Give back, word for word, only the lines from the opening of the records through the one with "Hi, this is". Pictures stay out.

┌──

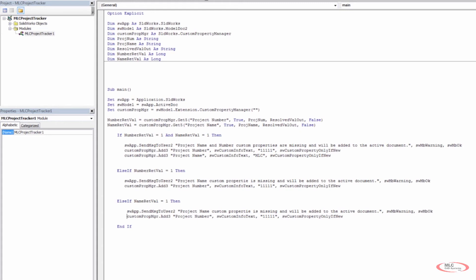Copy both add lines again and paste them into the else-if name block. In this last else-if case we want to say that project name is missing — and up in the number else-if we want to say project number is missing. It's very easy to get lost in this code, so you have to be careful. So now: if both are missing it adds both; if just the number is missing it adds project number; if just the name is missing it adds project name.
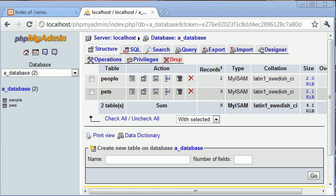Hi, this is Alex from phpacademy.org and this is another video tutorial for the New Boston. In this tutorial we're going to be looking at the left join inside of SQL statements.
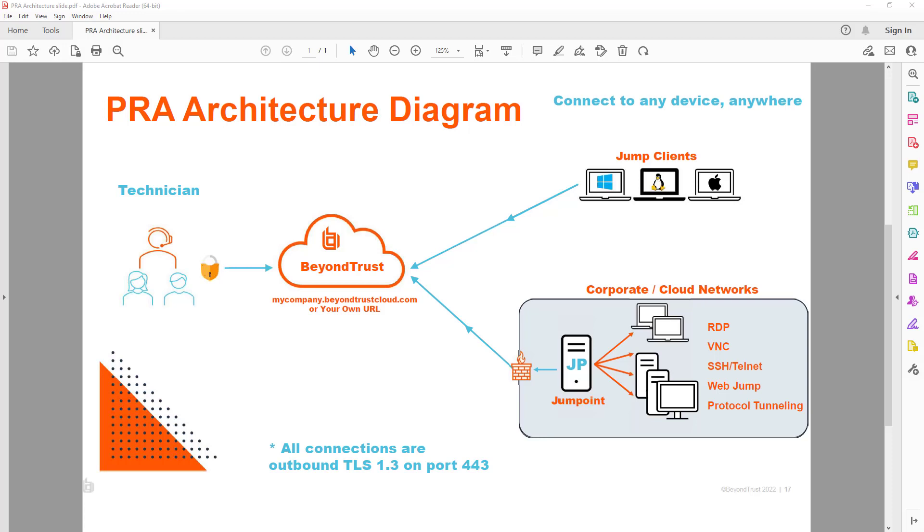Welcome to another BeyondTrust presentation. Today we're going to dig into a specific feature with BeyondTrust Privileged Remote Access or PRA, and the feature is called protocol tunneling.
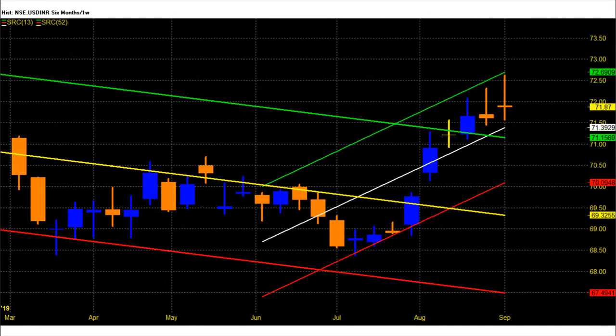NSE USD currency podcast for the week of September 9th to 13th, 2019. Dollar-rupee futures last week closed with a loss. We saw a high around 72.62 and a low of around 71.57 rupees.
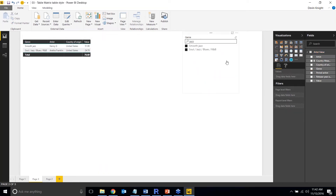Searchable slicers have been a big request from many users and the addition makes things much easier. The next feature is Conditional Formatting, added within the last three months. I'll be honest — it feels like a first investment into conditional formatting with room for improvement, but let me show you what's currently capable and expect more from this feature in the future.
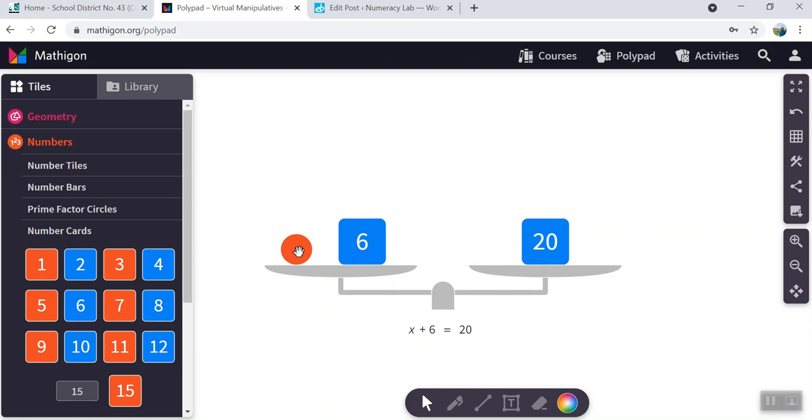So when you solve, you've learned so far that you need to select an inverse operation to get rid of the extra numerals on this side so that we can have the unknown all by itself.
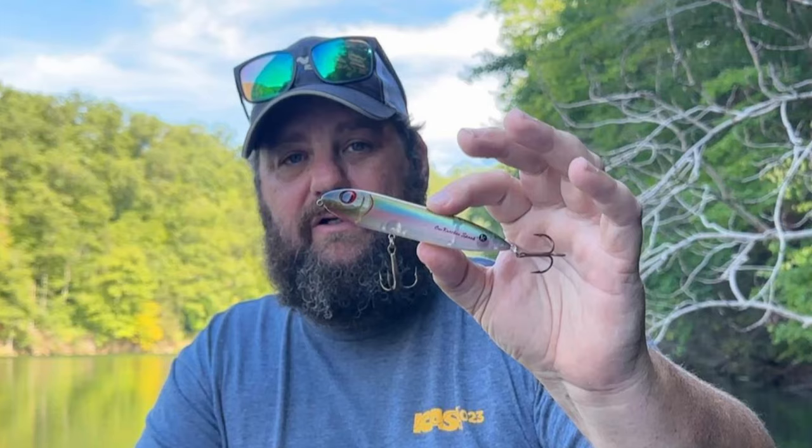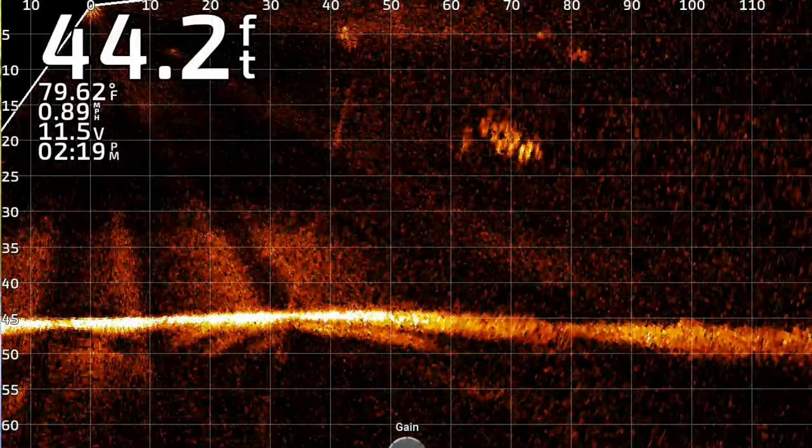I think this is why topwater works so well out here over deep water — because generally these bass are going to be at the edge of visibility. In other words, if you're seeing five feet, they're going to be five to eight, maybe ten. If you're seeing fifteen feet, they're going to be fifteen to twenty, maybe twenty-five most of the time, as long as the thermocline allows them to be there.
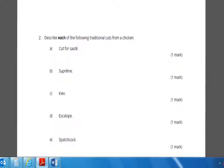Each question has one mark. These have been put on here for you to practice. These questions are part of your assessment to get your full qualification. Good luck.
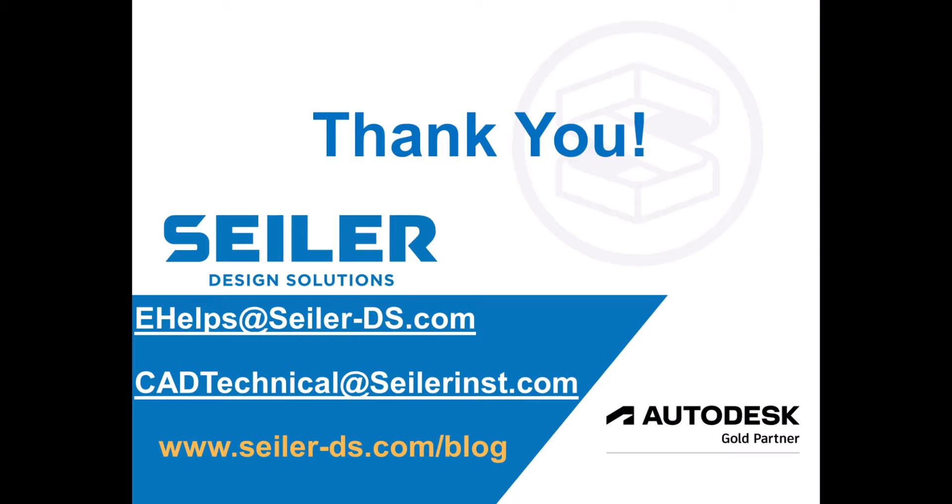My name is Eva Helps with Seiler Design Solutions. You can reach out to me at ehelps at seiler-ds.com or the whole CAD technical team at cadtechnical at seilerinst.com. Or you can head over to www.seiler-ds.com forward slash blog, and you can subscribe to our blogs, newsletter, and take a look at the other services and training that we can provide. Thanks.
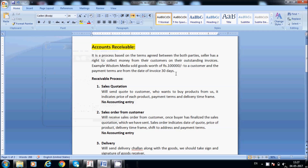Hi friends, today I'll teach you about accounts receivable. It is an important topic and if we go to any interview or an MNC, we should know the process of how it works. In MNC, they will assign only sub-ledger wise — accounts payable, receivable, reconciliation, like that. So we should know the process.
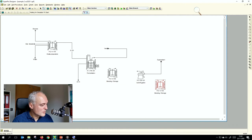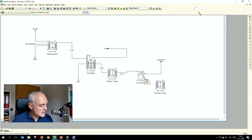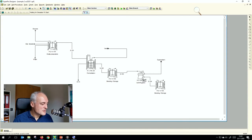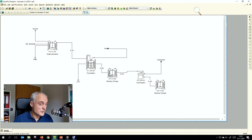We draw the streams: one stream from the bioreactor to the first blending tank, another from that tank to the centrifuge, and then a stream from the centrifuge to the last blending tank. That last stream is automatically initialized, so no problem there.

└──

**WRITTEN REPLY**
Copy both add lines again and paste them into the else-if name block. In this last else-if case we want to say that project name is missing — and up in the number else-if we want to say project number is missing. It's very easy to get lost in this code, so you have to be careful. So now: if both are missing it adds both; if just the number is missing it adds project number; if just the name is missing it adds project name.
Hi, this is Alex from phpacademy.org and this is another video tutorial for the New Boston. In this tutorial we're going to be looking at the left join inside of SQL statements.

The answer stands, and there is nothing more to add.